Thursday, 19 November 2009

beaujolais nouveau 2009 - wine, cheese and paté - santé!

Les trois chèfs....
The big thing at the school today was the introduction of the beaujolais nouveau 2009.
In France, this is quite a big issue - but in reality it's just a huge marketing thing to promote the beaujolais nouveau wine. Le Cordon Bleu did a really nice job to introduce the wine and set up a big table with cheese, paté, bread, drinks etc etc. very, very nice! Thank you LCB. This was a very nice lunch!

In the picture are Levi, Damien, Mark and Cristina.



Long but good day - 3 sessions

It did go pretty good today. Normal routine - get up, wash, walk to school, croissant on the way, cafe for coffee, go to school, change and start in class.
And it's only 8 'o clock in the morning....

First a fish practical. Dourade (sea bream) wrapped in lettuce leaves with a Jerusalem artichoke puree on the side (with a fish sauce of course, nice, greasy and thick: in one word: RICH )
I'll skip the starter and dessert for now....
In practical we had to make it. It was quite a funny class; It seemed that a few people are making it into a race.
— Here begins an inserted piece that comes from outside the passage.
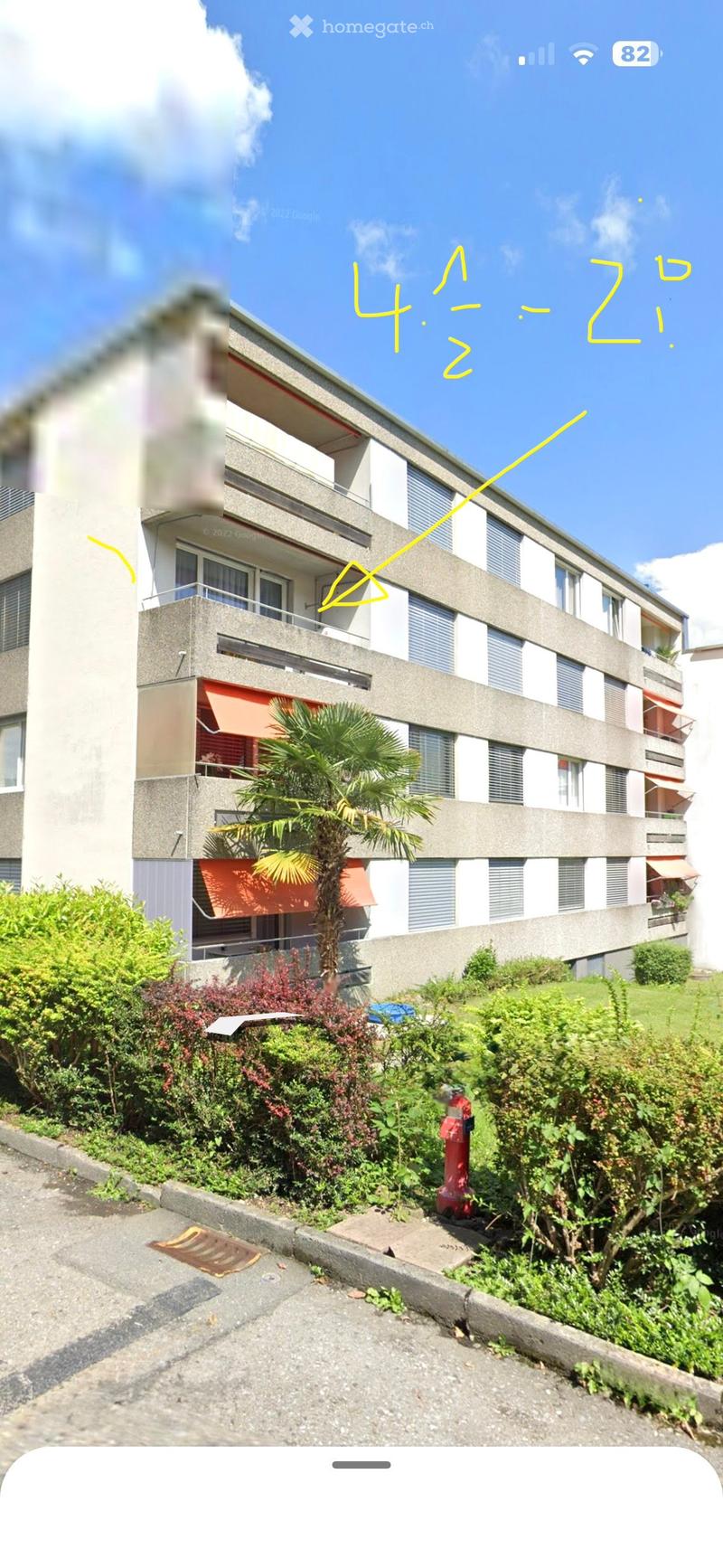 A multi-story residential building with balconies, surrounded by greenery and a palm tree. The building has a modern design with grey and white exterior walls.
They start real early with the practical (like 20 minutes before we are even supposed to be in class) and try to get out as quickly as possible - not my style. Let me put it right, some are really good, but we have 2.5 hours for a lesson, that's MORE than enough! We'll see if we can change it a bit.
C'est chef James et Rafael

Chef Terrien was supervising. Nice, relaxed man. And taking notes on his little handheld computer. He sees everything.
He just walks behind you and checkes the consistancy of the forcemeat, he'll check your sauce without even noticing, and he observes you from a distance. Oui chef, we know! I like chef T.

Poaching the sea bream in the stock reduction was OK and easy, although it was a challenge for others; I saw somebody poaching the fish in just water.... interesting... water has quite a taste and flavour...
All in all, I think I did well today. Fish was cooked, sauce was OK, puree was good.
my dish

The only thing today was that I wanted to move the sautee pan 1 minute after it got out of the oven...... 'mailto:'#$@@!& !!' without using my tea towel.

And this evening chef Patrick was playing with oysters, duck, cream and lots of butter in the demo. This demo was very relaxing; lots of laughter and fun!

C U later, Sjoerd

slight problem - but good day!

Bonjour, bonsoir à tous !
Un petit problème, aujourd'hui dans la cuisine. Le casserol était deux cents degrés.....





merde!

Palm big blister now, index finger feels stiff because of 2 long burns along the whole finger, middle finger 3 'normal' burns, ring finger the tip slightly burned and thumb only a one. Score: I'll rate it at 10 points (at least!) The burn counter goes up.

Funny thing is, it doesn't hurt. I'm OK.
I just grabbed the pan... that came straight out of the oven.